Son muchos los puntos.

Son tantos los tantos.

¡Tu, tun!

Remate y punto para el Tenerife de España.

¡Tu, tun!

Me abrazo con mis compañeras del Agnesi, de la liga italiana. ¡Vamos!, grito apretando ambos puños.

¡Tu, tun!

Punto para la Selección argentina.

¡Tu, tun!

El vóley es el gozo de lo milimétrico, la celebración de la exactitud. El remate se compone de tres acciones simultáneas: salto, coordinación de brazos y golpe, todo sincronizado con la trayectoria de la pelota, la altura de la red, los límites de la cancha, la posición de defensa del rival y los brazos en alto que bloquean.

¡Tu, tun!

Pegar antes no sirve; pegar después, tampoco. No hay margen: o se es preciso o se sufre un punto en contra.

¡Tu, tun!

¡Cuántos golpes de estos llevo en mi memoria, imborrables! Golpes propios y de compañeras.

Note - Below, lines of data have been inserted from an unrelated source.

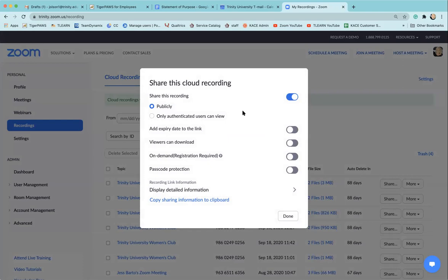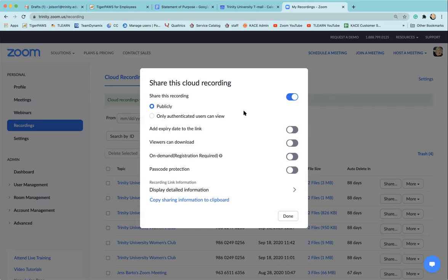If you have it selected for only authenticated users can view, that means the individual would have had to sign into trinity.zoom.us on the browser and authenticate their account, and then click on your link. It just adds an extra step and can be confusing for students who aren't used to logging into their Zoom account before they access meetings or recordings.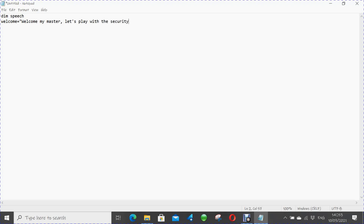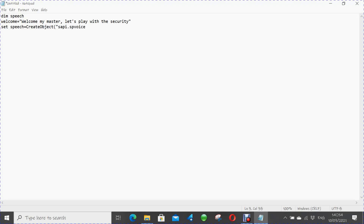Edit the dialog on the second line. For example, I used 'Welcome my master, let's play with the security.' It's actually your preference. You can change it according to your preference — for example, 'Welcome my master, let's begin.' It's all based on your preference.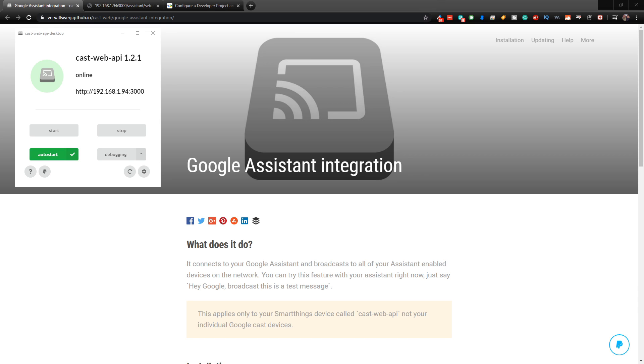In this video, we're going to set up the Google Assistant integration with the CastWeb API, which will allow you to send broadcasts to all of your Google Assistant devices all at once.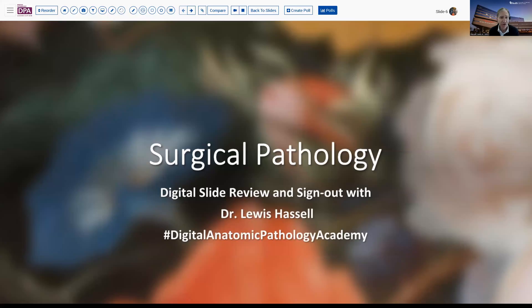Welcome to another session of digital slide review and sign out. I'm Dr. Lewis Hassell, coming to you from the campus of the University of Oklahoma Health Sciences Center. Our program is part of the Digital Anatomic Pathology Academy, a joint venture with Path Presenter and the Digital Pathology Association. We're grateful for this resource and hope that you find it useful as you consider how to study and prepare yourself to practice pathology.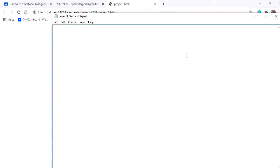Now we have a file of type dot html, and the icon of the file changed to Google Chrome. Double-click to open it — now we have an empty webpage. The first step will be typing an HTML tag. We're going to type an open HTML tag to let the computer understand that we're going to type HTML. As always, if we have an open tag we need to close the tag, so create a closing tag for HTML.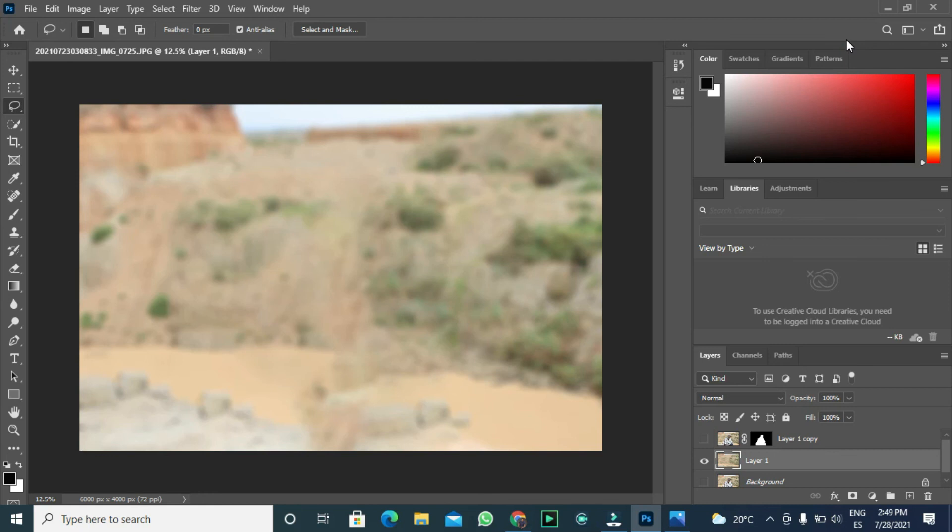You see it has changed to blur. Now let us unhide the top layer that we had hidden earlier.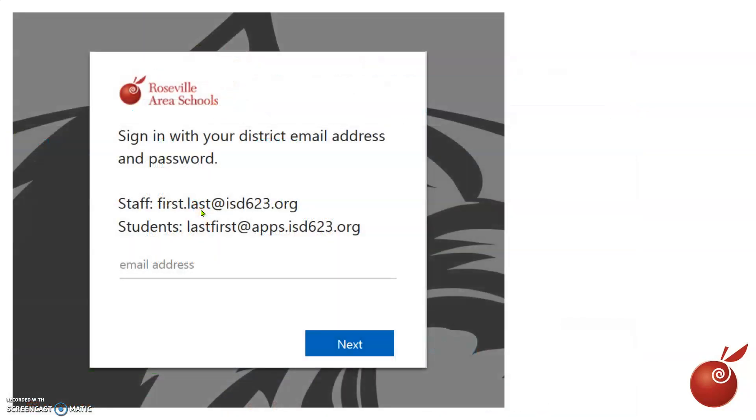When you click on that, you'll go to this page, and it will ask you to sign in with your district email address and password.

Vuelvo a los entrenamientos, después de tanto tiempo. El pasado de partidos jugados, de semifinales y finales, de los puntos que acerté y los que equivoqué, todo eso se hace presente. Miro al futuro pensando en el próximo partido.

Lo que no puedo imaginar es el golpe que viene.

2

Parece una exclamación de artes marciales el tu, tun; un golpe tras otro, una sucesión de detonaciones, apenas interrumpida por algún siseo de las suelas de las zapatillas sobre el piso de madera. Pelotas que hacen impacto contra la superficie, pelotas que son, en sí mismas, ensayos de uno o varios puntos posibles, repetición, descargas.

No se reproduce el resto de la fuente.